◆ Prompt ◆
Print all of the records. Exclude the images.

(Stored items from a collection)
Content starts
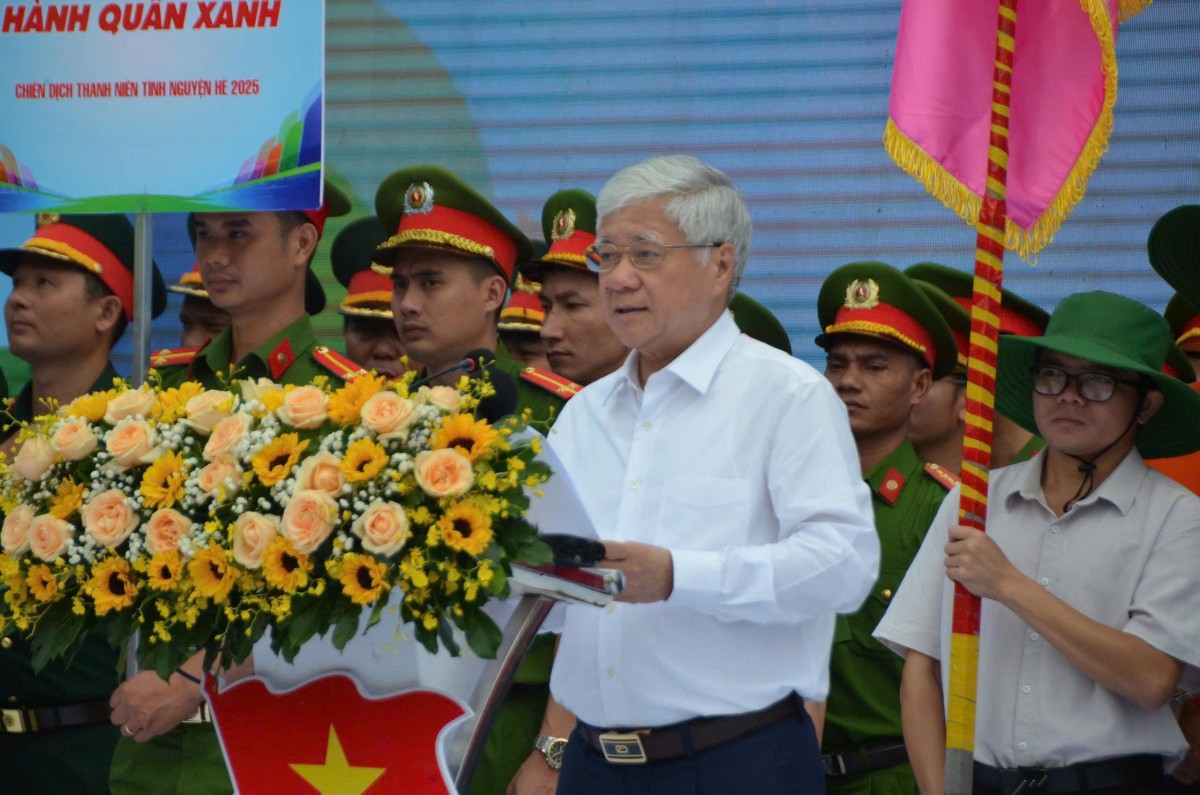 Chiến dịch Thanh niên tình nguyện hè 2025 đẩy mạnh ứng dụng AI, chuyển đổi số Chiến dịch Thanh niên tình nguyện hè 2025 đẩy mạnh ứng dụng AI, chuyển đổi số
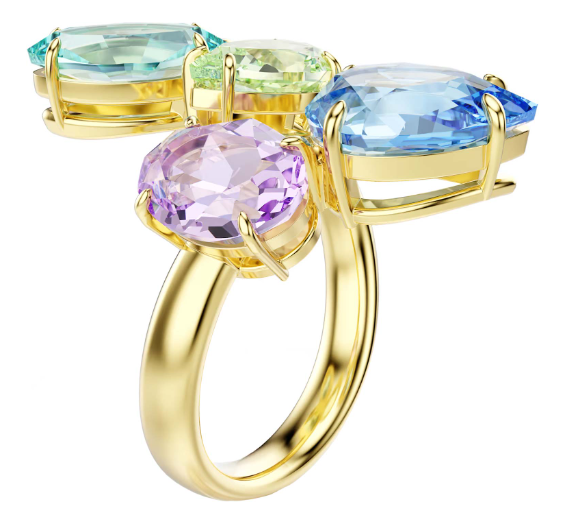 Кольцо Swarovski Gema 58 5746908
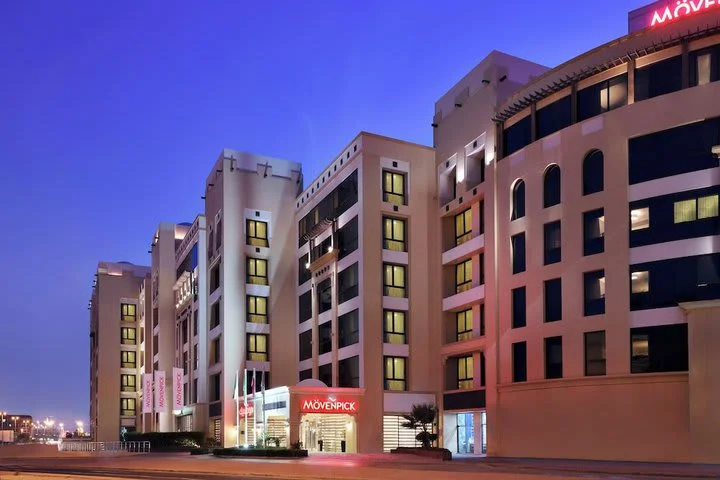 Movenpick Hotel Apartments Al Mamzar Dubai - Chambres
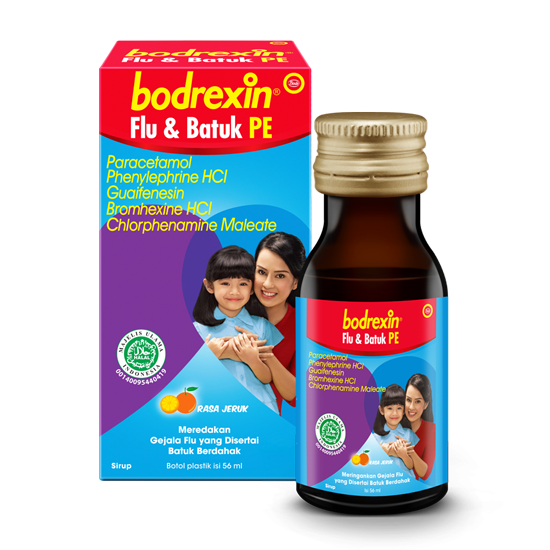 Bodrexin Flu & Batuk PE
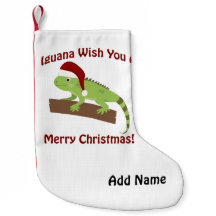 Iguana Te Desea Una Feliz Navidad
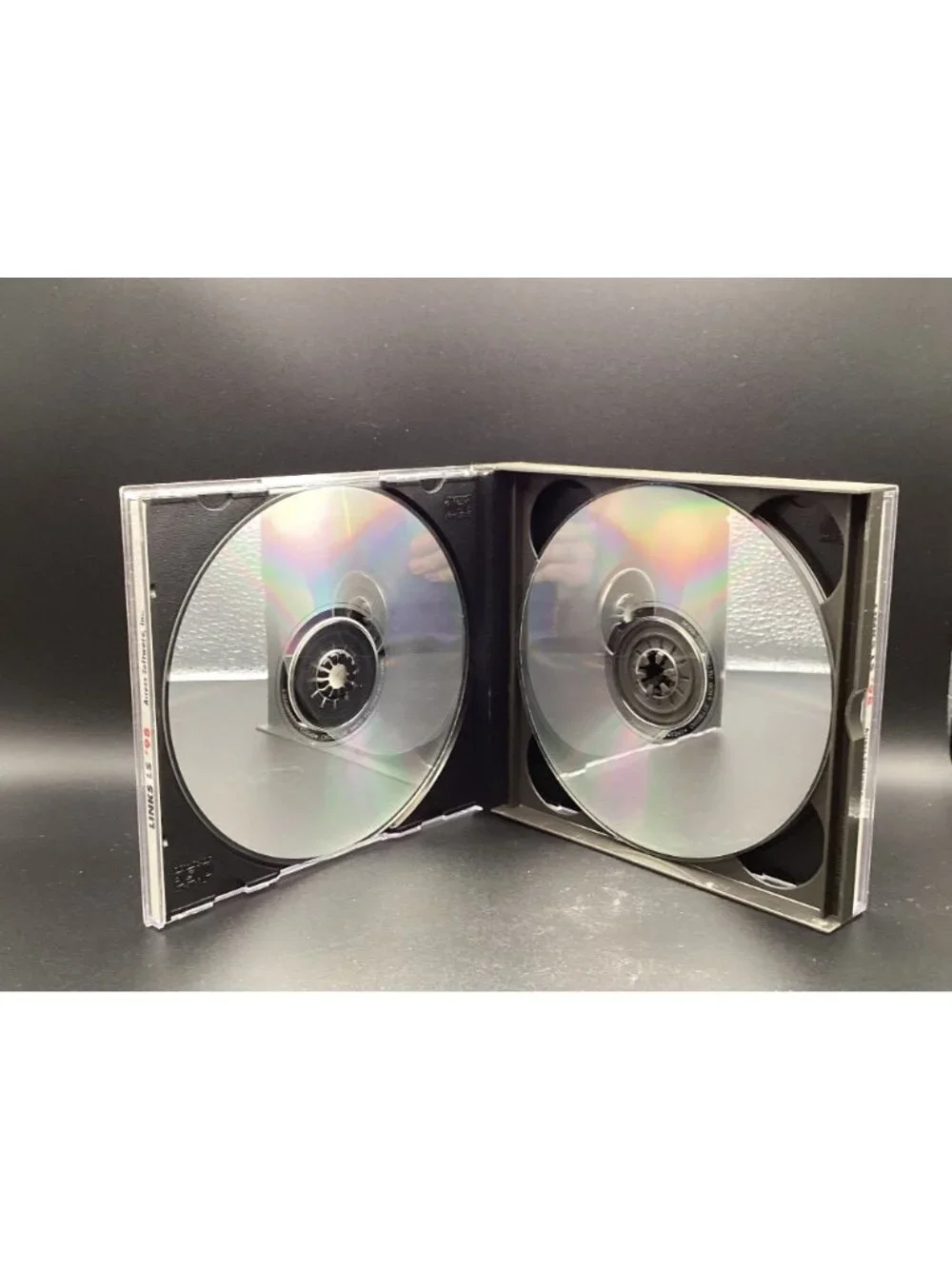 Links LS 1998 Edition Golf Computer PC Game 90s Vintage CD Rom USA Used OOP Rare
Content ends
◆ Expected answer ◆
 Chiến dịch Thanh niên tình nguyện hè 2025 đẩy mạnh ứng dụng AI, chuyển đổi số Chiến dịch Thanh niên tình nguyện hè 2025 đẩy mạnh ứng dụng AI, chuyển đổi số
 Кольцо Swarovski Gema 58 5746908
 Movenpick Hotel Apartments Al Mamzar Dubai - Chambres
 Bodrexin Flu & Batuk PE
 Iguana Te Desea Una Feliz Navidad
 Links LS 1998 Edition Golf Computer PC Game 90s Vintage CD Rom USA Used OOP Rare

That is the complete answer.